MINISTRE DU SAINT ÉVANGILE, À GENÈVE.

A Motiers, le 29 octobre 1762.

Bien obligé, très cher cousin, de votre bonne visite, de votre bon envoi, de votre bonne lettre, et sur-tout de votre bonne amitié, qui donne du prix à tout le reste. Je vous assure que si vous avez emporté d'ici quelque souvenir agréable, vous y avez laissé bien des consolations. Vous me faites bénir les malheurs qui m'ont attiré de tels amis. Et quel cas ne dois-je pas faire d'un attachement formé par l'épreuve qui en brise tant d'autres? Vous me devez maintenant tous les sentiments que vous m'avez inspirés, et vous ne pourrez, sans ingratitude, oublier de votre vie que les deux

larmes que vous avez versées à notre premier abord sont tombées dans mon cœur.
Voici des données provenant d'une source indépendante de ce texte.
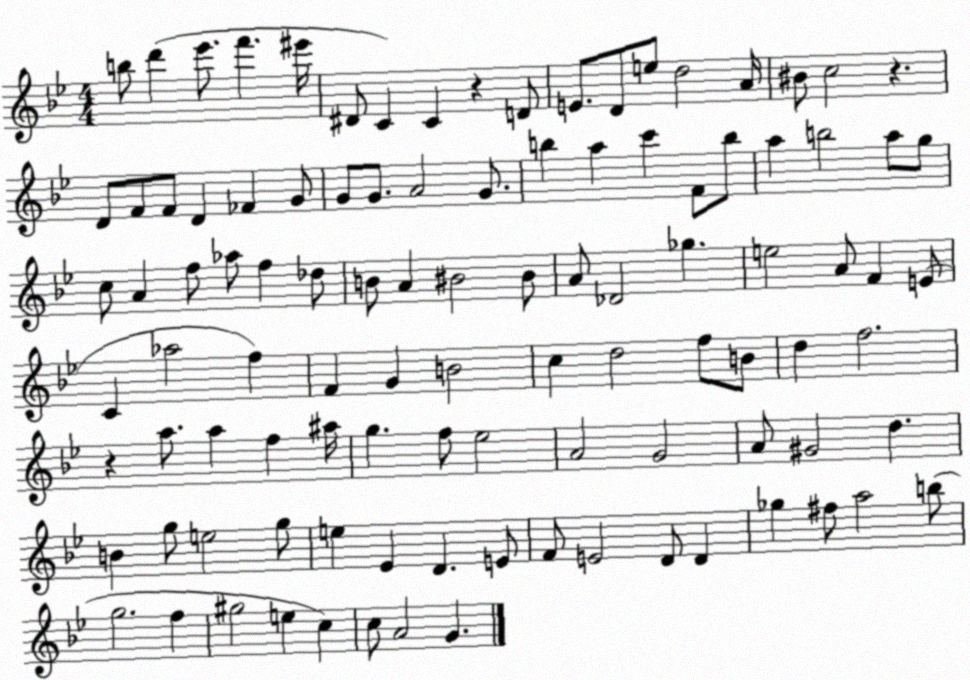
X:1
T:Untitled
M:4/4
L:1/4
K:Bb
b/2 d' _e'/2 f' ^e'/4 ^D/2 C C z D/2 E/2 D/2 e/2 d2 A/4 ^B/2 c2 z D/2 F/2 F/2 D _F G/2 G/2 G/2 A2 G/2 b a c' F/2 b/2 a b2 a/2 g/2 c/2 A f/2 _a/2 f _d/2 B/2 A ^B2 ^B/2 A/2 _D2 _g e2 A/2 F E/2 C _a2 f F G B2 c d2 f/2 B/2 d f2 z a/2 a f ^a/4 g f/2 _e2 A2 G2 A/2 ^G2 d B g/2 e2 g/2 e _E D E/2 F/2 E2 D/2 D _g ^f/2 a2 b/2 g2 f ^g2 e c c/2 A2 G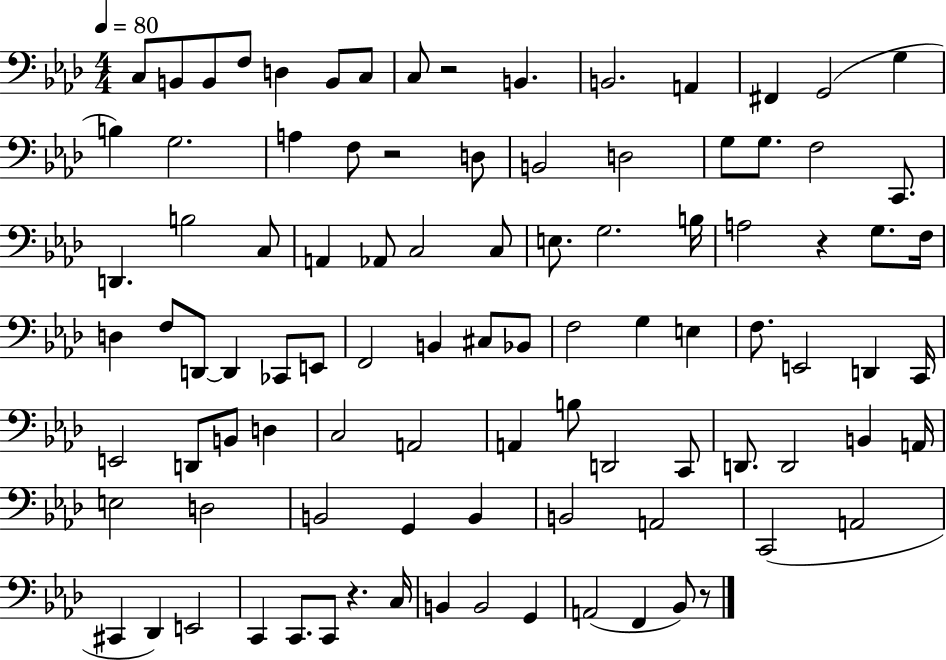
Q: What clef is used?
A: bass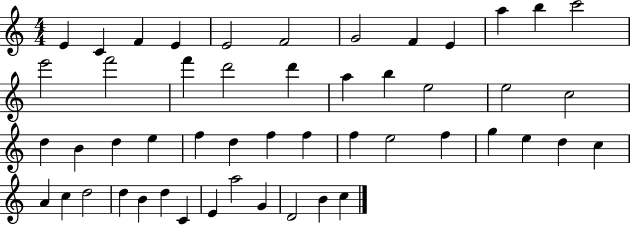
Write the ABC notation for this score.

X:1
T:Untitled
M:4/4
L:1/4
K:C
E C F E E2 F2 G2 F E a b c'2 e'2 f'2 f' d'2 d' a b e2 e2 c2 d B d e f d f f f e2 f g e d c A c d2 d B d C E a2 G D2 B c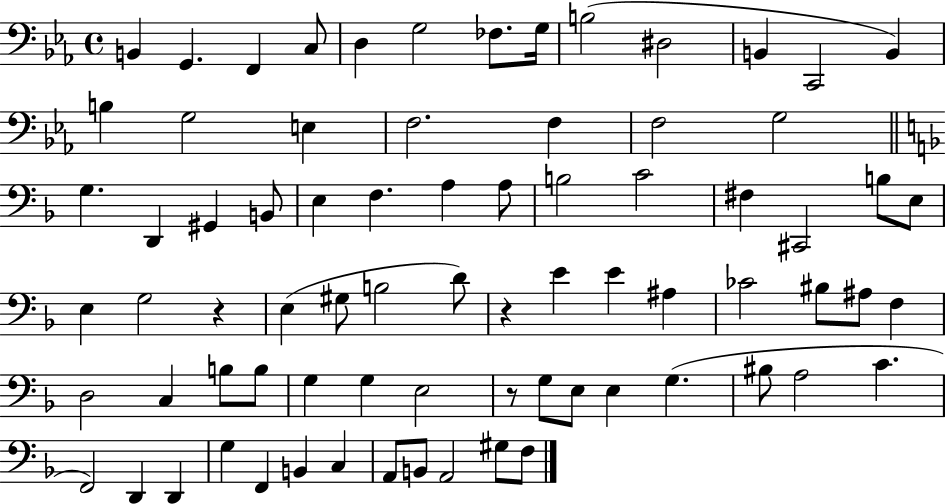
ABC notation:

X:1
T:Untitled
M:4/4
L:1/4
K:Eb
B,, G,, F,, C,/2 D, G,2 _F,/2 G,/4 B,2 ^D,2 B,, C,,2 B,, B, G,2 E, F,2 F, F,2 G,2 G, D,, ^G,, B,,/2 E, F, A, A,/2 B,2 C2 ^F, ^C,,2 B,/2 E,/2 E, G,2 z E, ^G,/2 B,2 D/2 z E E ^A, _C2 ^B,/2 ^A,/2 F, D,2 C, B,/2 B,/2 G, G, E,2 z/2 G,/2 E,/2 E, G, ^B,/2 A,2 C F,,2 D,, D,, G, F,, B,, C, A,,/2 B,,/2 A,,2 ^G,/2 F,/2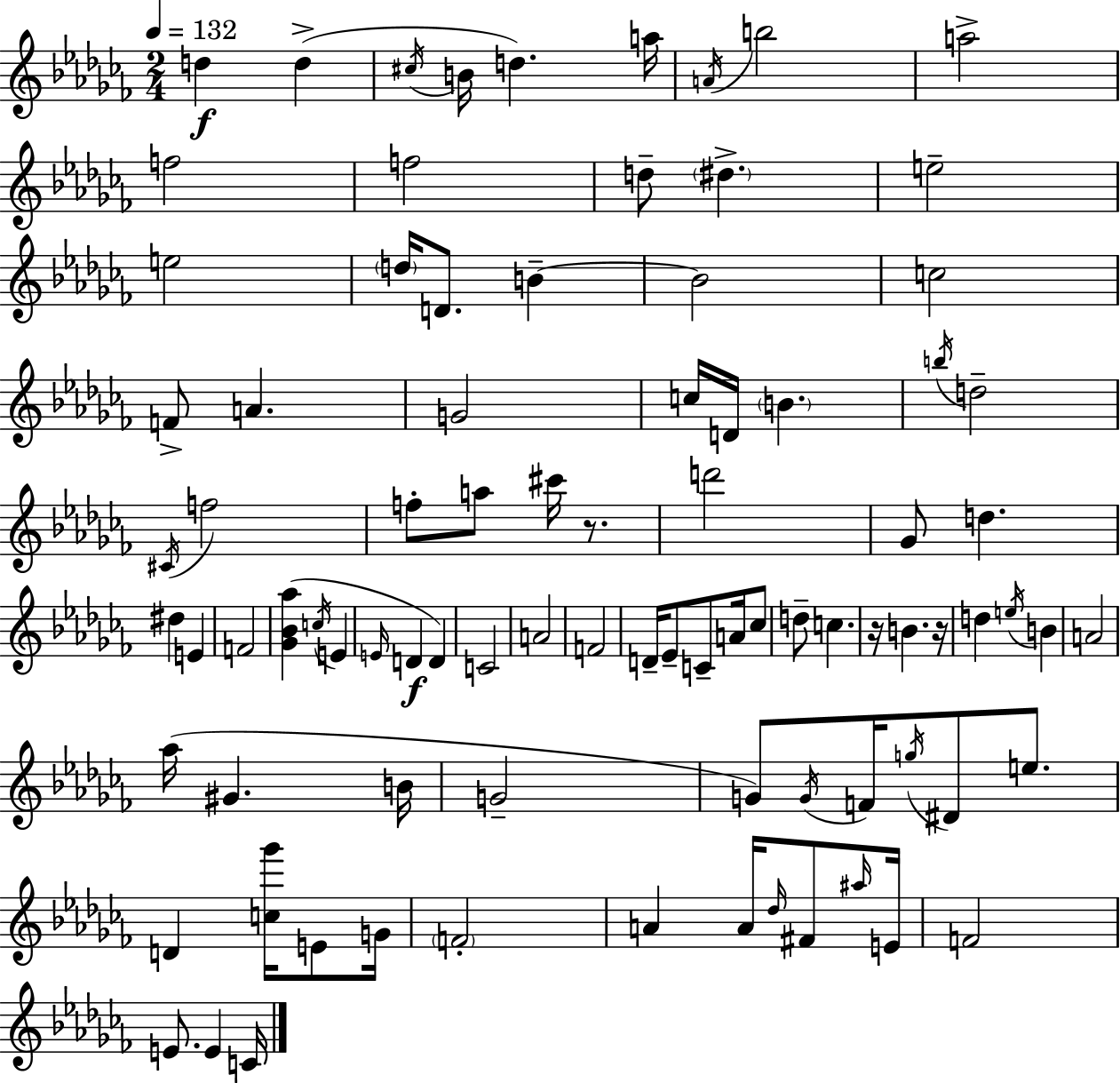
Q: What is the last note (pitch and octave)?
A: C4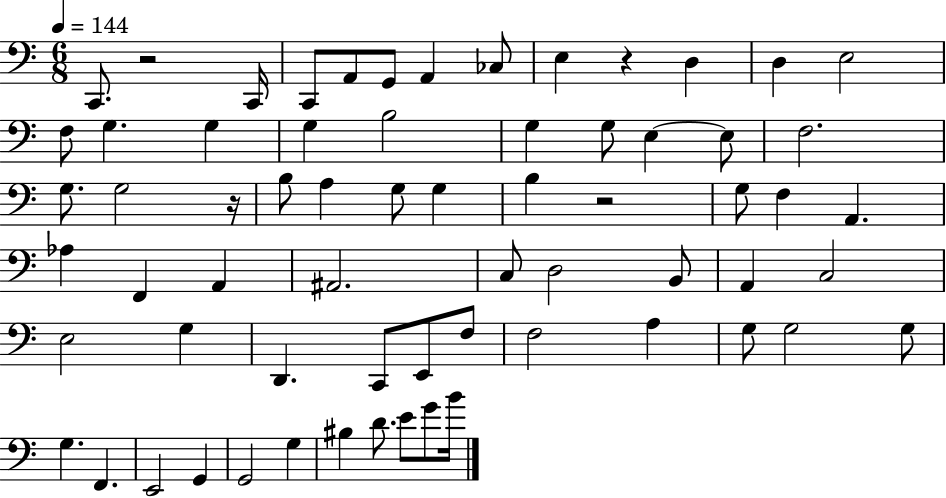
C2/e. R/h C2/s C2/e A2/e G2/e A2/q CES3/e E3/q R/q D3/q D3/q E3/h F3/e G3/q. G3/q G3/q B3/h G3/q G3/e E3/q E3/e F3/h. G3/e. G3/h R/s B3/e A3/q G3/e G3/q B3/q R/h G3/e F3/q A2/q. Ab3/q F2/q A2/q A#2/h. C3/e D3/h B2/e A2/q C3/h E3/h G3/q D2/q. C2/e E2/e F3/e F3/h A3/q G3/e G3/h G3/e G3/q. F2/q. E2/h G2/q G2/h G3/q BIS3/q D4/e. E4/e G4/e B4/s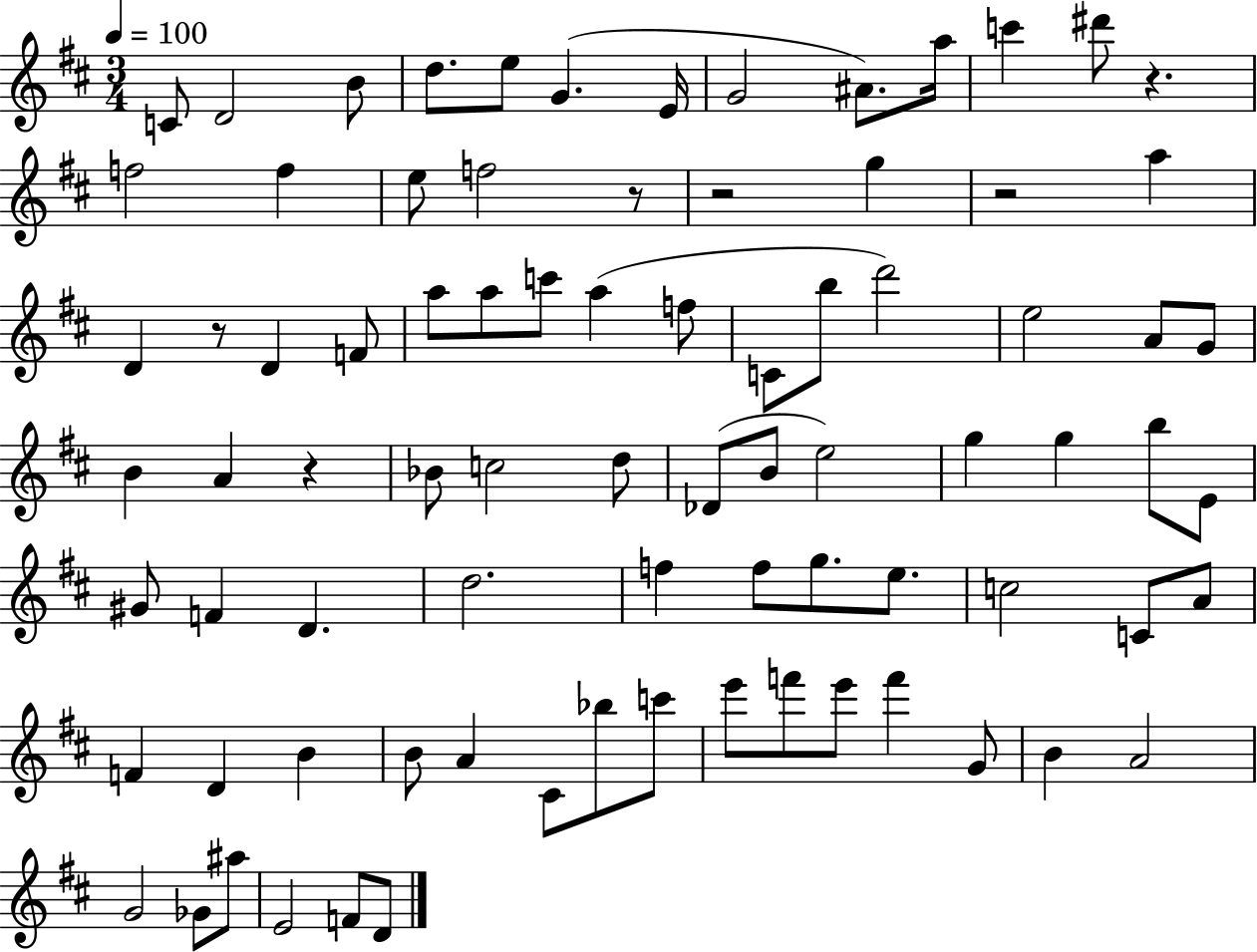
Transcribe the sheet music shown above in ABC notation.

X:1
T:Untitled
M:3/4
L:1/4
K:D
C/2 D2 B/2 d/2 e/2 G E/4 G2 ^A/2 a/4 c' ^d'/2 z f2 f e/2 f2 z/2 z2 g z2 a D z/2 D F/2 a/2 a/2 c'/2 a f/2 C/2 b/2 d'2 e2 A/2 G/2 B A z _B/2 c2 d/2 _D/2 B/2 e2 g g b/2 E/2 ^G/2 F D d2 f f/2 g/2 e/2 c2 C/2 A/2 F D B B/2 A ^C/2 _b/2 c'/2 e'/2 f'/2 e'/2 f' G/2 B A2 G2 _G/2 ^a/2 E2 F/2 D/2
C'est un petit mal que la qualité de citoyen ne soit pas énoncée dans le baptistaire; j'ai toujours été plus jaloux des devoirs que des droits de ce titre honorable. Je me suis toujours fait un devoir de peu exiger des hommes: en échange du bien que jai tâché de leur faire, je ne leur ai demandé que de ne me point faire de mal. Vous voyez comment je l'ai obtenu. Mais n'importe, ils auront beau faire, je serai libre par-tout, malgré

eux.

Si je vous ai tenu quelques mauvais propos, au sujet de l'atlas, ce dont je ne me souviens point, j'ai eu tort, et je vous prie de l'oublier. Il est bon qu'une amitié aussi généreuse que la vôtre commence par avoir quelque chose à pardonner. Je n'approuve pas, de mon côté, que vous en ayez payé le port. Je vous prie d'en ajouter le déboursé à celui du baptistaire et au prix de l'atlas, qu'un ami sera chargé de vous rembourser.

Mille choses, je vous supplie, à l'honnête anonyme', dont je vous ai montré la lettre; vous savez combien elle m'a touché ; vous n'avez là-dessus à lui dire que ce que vous avez vu vous-même.

Cet anonyme étoit M. Philippe Robin, citoyen distingué par son mérite et ses talents (Note de M. Mouchon.)